> _Exercise objective_
Copy out the listing below exactly, please, and skip any pictures.

> _Supplied information_
>>>
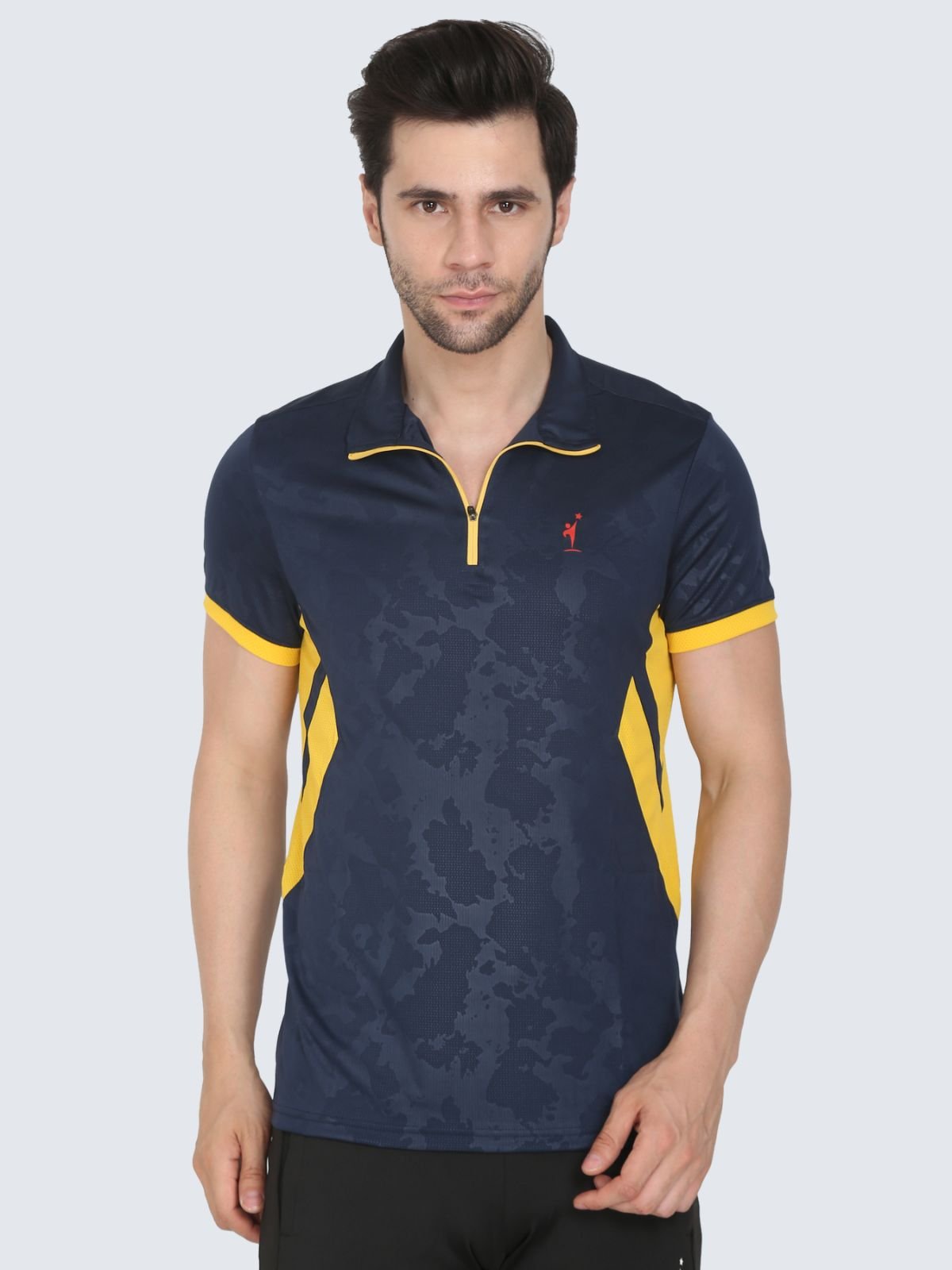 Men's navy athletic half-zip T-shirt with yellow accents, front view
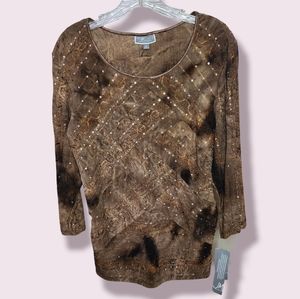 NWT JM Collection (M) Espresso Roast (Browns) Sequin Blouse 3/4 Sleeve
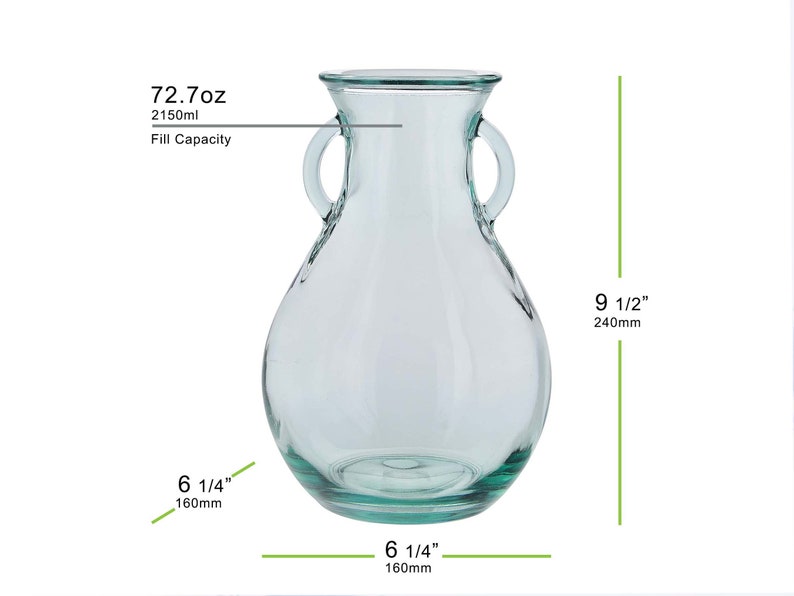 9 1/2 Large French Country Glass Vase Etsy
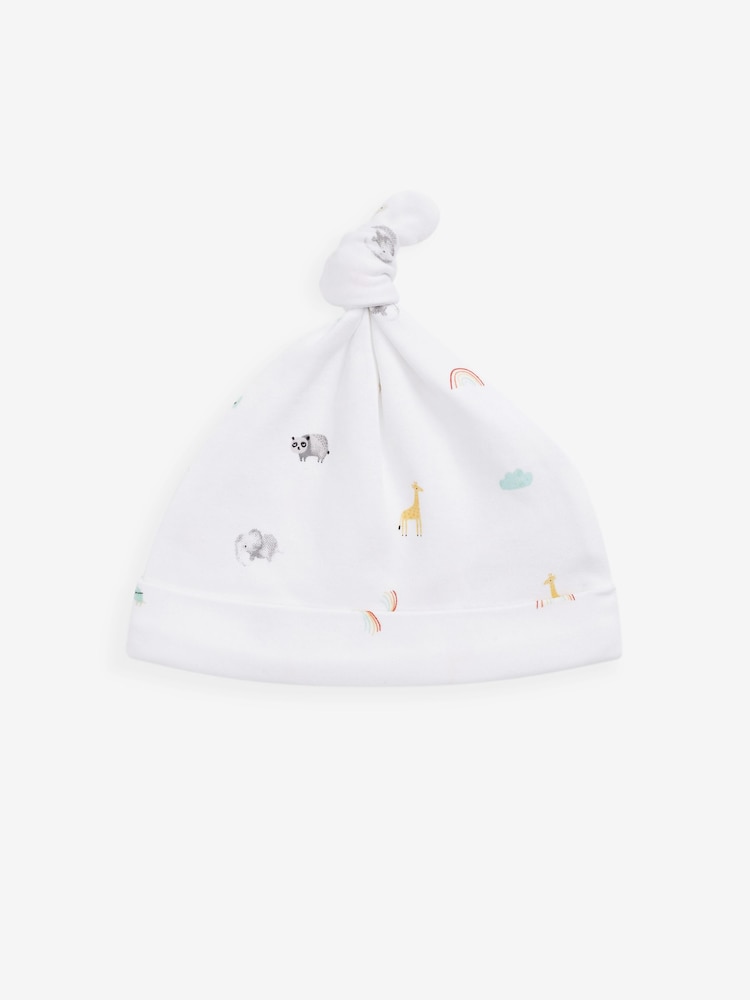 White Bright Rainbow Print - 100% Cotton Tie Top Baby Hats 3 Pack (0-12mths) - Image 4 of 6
<<<
> _Written response_
 Men's navy athletic half-zip T-shirt with yellow accents, front view
 NWT JM Collection (M) Espresso Roast (Browns) Sequin Blouse 3/4 Sleeve
 9 1/2 Large French Country Glass Vase Etsy
 White Bright Rainbow Print - 100% Cotton Tie Top Baby Hats 3 Pack (0-12mths) - Image 4 of 6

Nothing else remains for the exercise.